The Confused Crow

Did you ever walk among trees filled with noisy crows calling and crying out? You did? Great! (here’s an explanation for that).

A crow’s life is a living protest; their claim that nothing is fair makes crows caw and shriek in birdy outrage. Sited high in trees, (above your reproach) these neglected infants, cry out in frustration and despair. They DEMAND world order, insisting that everyone is made to go back to the beginning, so that the rules can be reinstated. Of course no one grasps their message (crow calling is a language understood only by crows themselves).
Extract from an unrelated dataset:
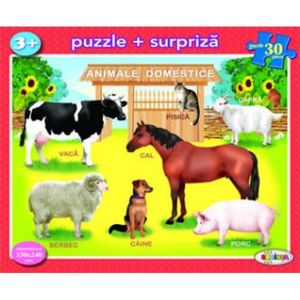 Puzzle - Animale domestice (30 piese) | Dorinta imagine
What they don’t know, because no one told them (and actually who knew?) is that there aren’t any rules. Only made up stuff that some agree to, and some don’t. Rules like ‘be good’ or ‘be sensible’, (then worse) ‘be somebody’ or ‘work hard’. Beneath these scriptures, men labor like drones and women become followers of the common fashion, toiling within structures of a certain way of thinking. Or a way of doing things that keeps everything the same. Seeing conventional people comply satisfies and pleases the crows and, after tilting their heads, they nod and grow quiet.
However in other places, people swim free. Unnoticed, they slip through a hole in the net, then drift through uncharted waters feeling disturbed, perhaps by the absence of structure. Detached from the system, they have not rules, only questions, like ‘how do I find happy?’ or ‘what does my heart say?’ From their roosts, the crows screech like harpies and throw leaves and twigs. Not only are the rules being ignored, some are making up their own (in full view).
In a murder, they gather to plot, threaten and curse.
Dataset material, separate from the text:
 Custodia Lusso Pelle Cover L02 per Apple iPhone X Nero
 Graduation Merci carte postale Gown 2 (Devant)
Except one small bird, who, watching feels confused; as if the apparent solidness of the situation did wobble then slip? A notion arrives which presses more than the job of the mob. The crow rattles its body and fluffs sundry feathers. Along the branch, another crow watches, blinks and leans their head to one side. The confused crow shifts sideways and lifts a claw. Still the crow-notion persists, like a murmur on the wind:
Ignoring the potential stutter and fall, and oh! the shame of the drop – maybe it’s time for a solo flight?